WASHINGTON (AP) — The U.S. Commerce Department added two Europe-based spyware companies to its technology export blacklist on Tuesday for developing surveillance tools deemed to have threatened U.S. national security as well as the privacy and integrity of individuals and organizations worldwide.
Such tools are regularly used for political repression and other human rights abuses, including for spying on journalists and intimidating political dissidents.
The sanctioned companies are in Greece-based Intellexa S.A., Hungary-based Cytrox and related entities in Ireland and Macedonia. Intellexa and Cytrox have been linked to Predator spyware, whose reported use in Greece helped precipitate the resignation last year of two top government officials, including the national intelligence director.
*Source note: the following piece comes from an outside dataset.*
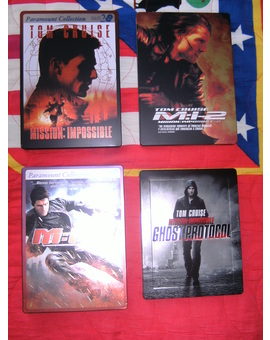 Coleccion Mision Imposible steelbook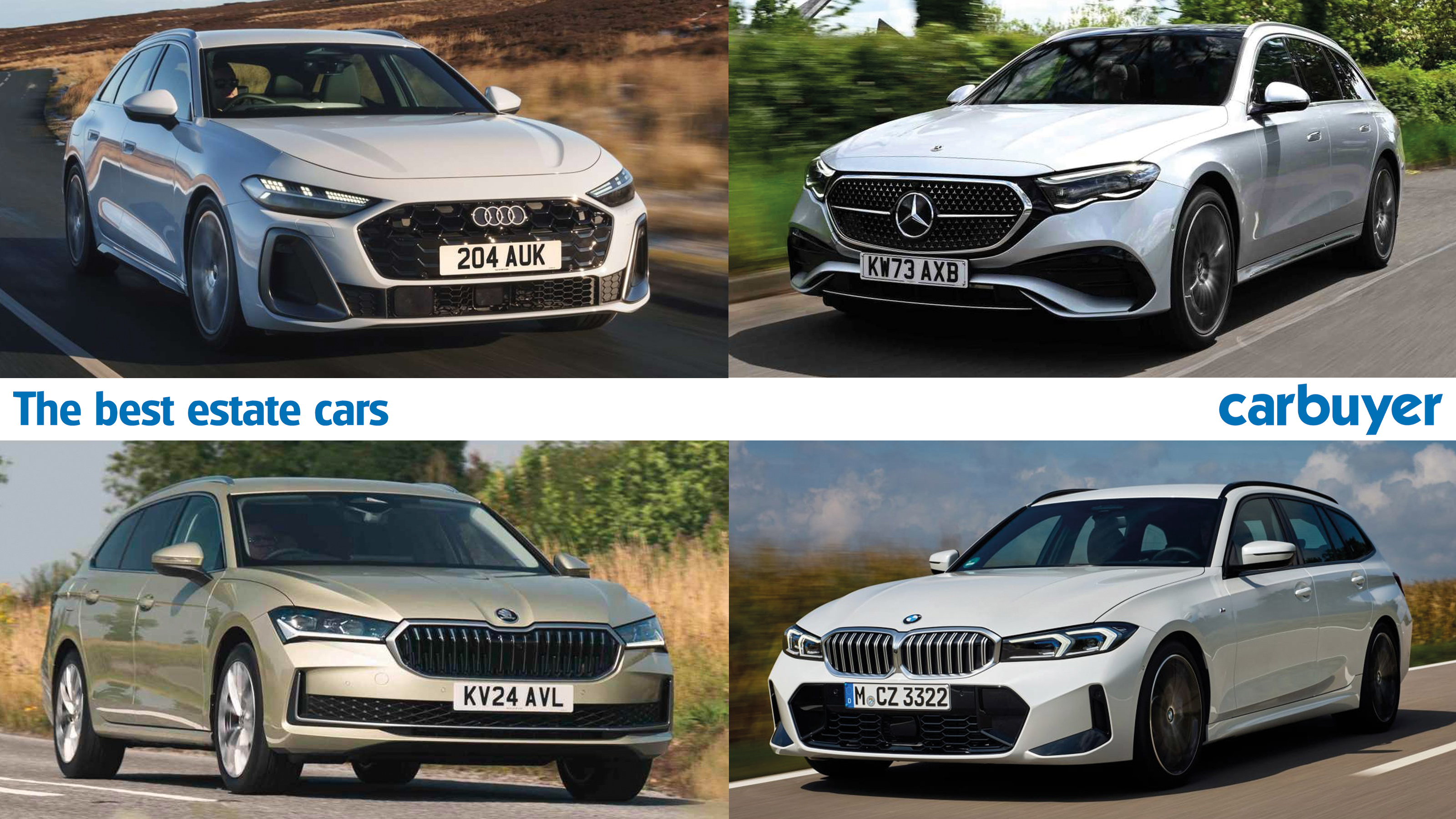 Best estate cars 2025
Commercial spyware firms already on the Commerce Department's so-called Entity List — essentially making it illegal for U.S. companies to do business with them — include Israel's NSO Group, maker of the much better known Pegasus spyware. It was added in November 2021.
The exact business relationship between Intellexa and Cytrox is unclear and the Commerce Department did not specify it.
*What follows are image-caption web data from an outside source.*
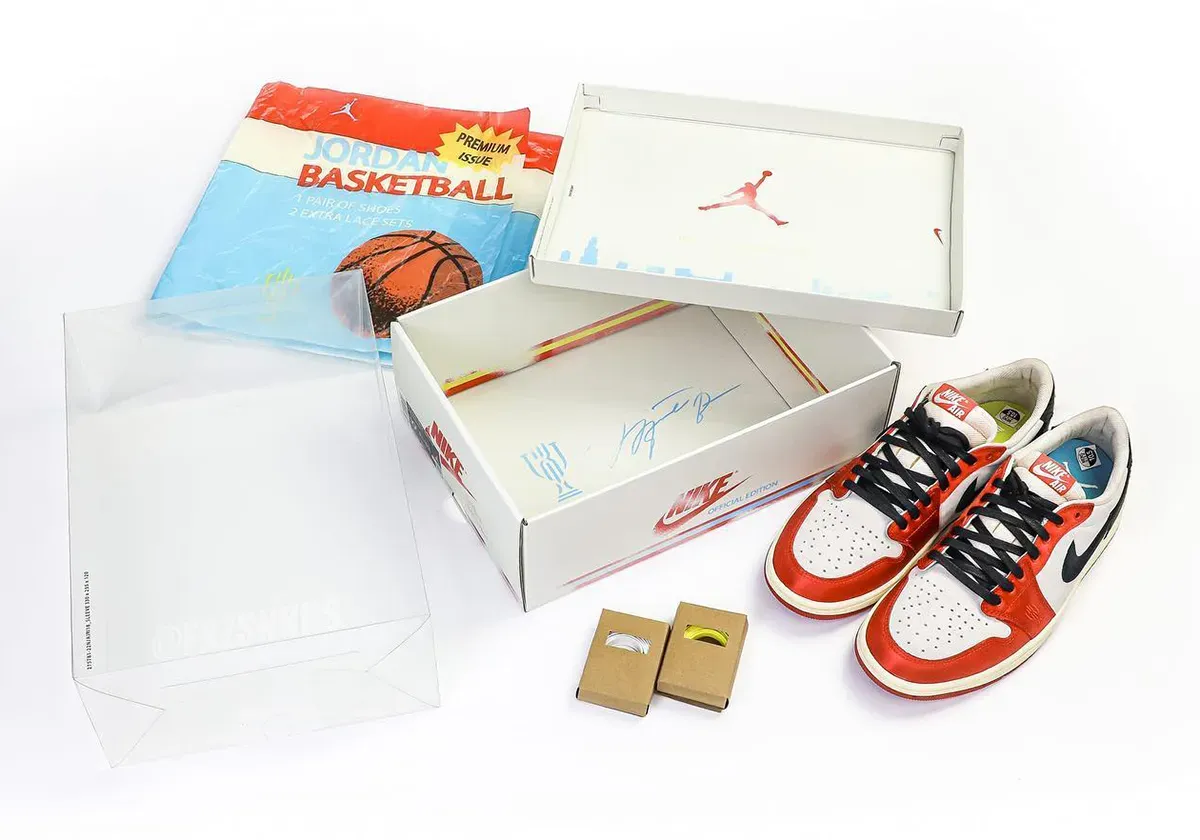 trophy room air jordan 1 low og away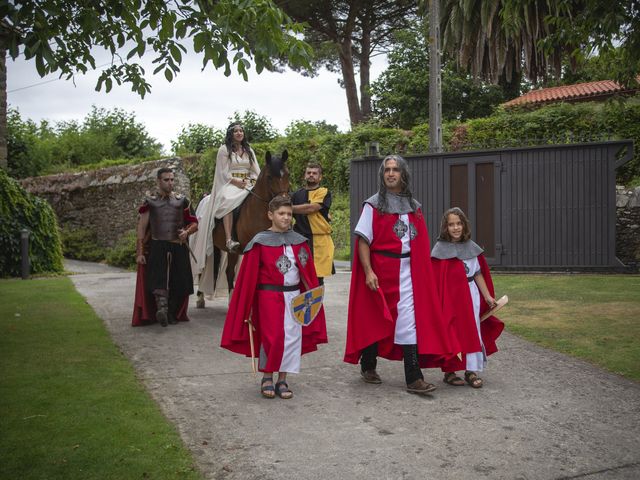 La boda de Jorgelina y Iván en Cambre, A Coruña 42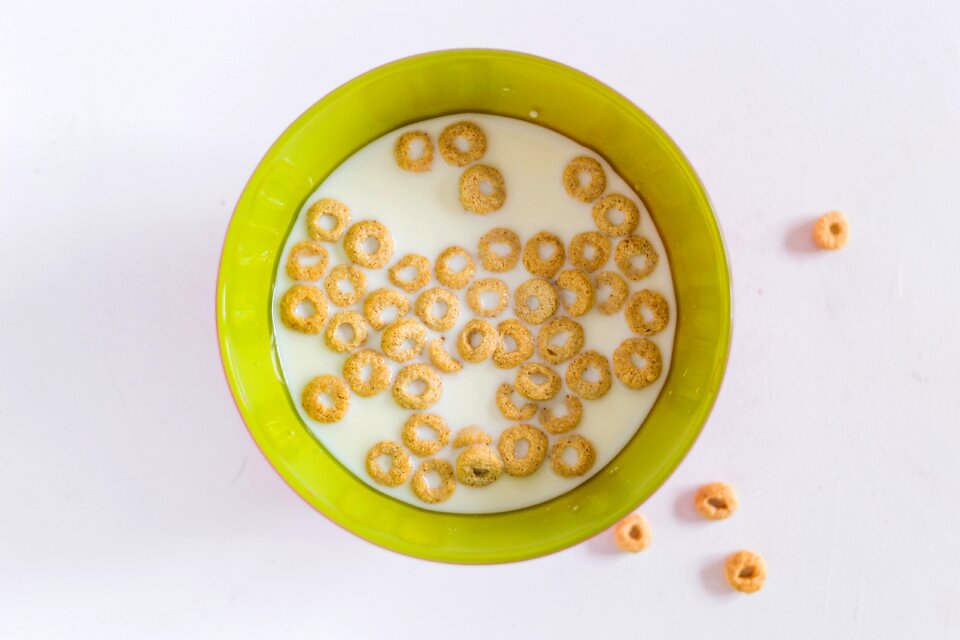Cereals delicious food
Tuesday's blacklisting follows a White House executive order in March that deemed the unchecked proliferation of mercenary spyware a threat to national security. Dozens of U.S. government employees were found to have been targeted with Pegasus.
In December 2021, digital sleuths at the University of Toronto's Citizen Lab discovered Predator spyware on the iPhone of a leading exiled Egyptian dissident. In a joint probe with Facebook,Citizen Lab discovered that Cytrox had customers in countries including Armenia, Greece, Indonesia, Madagascar, Oman, Saudi Arabia and Serbia.
Cytrox was at the time part of a shadowy alliance of companies under the umbrella of Intellexa, which was created in 2019 to compete with NSO Group. Its founder was former Israeli military officer Tal Dilian.
A message left for Dilian seeking comment was not immediately returned.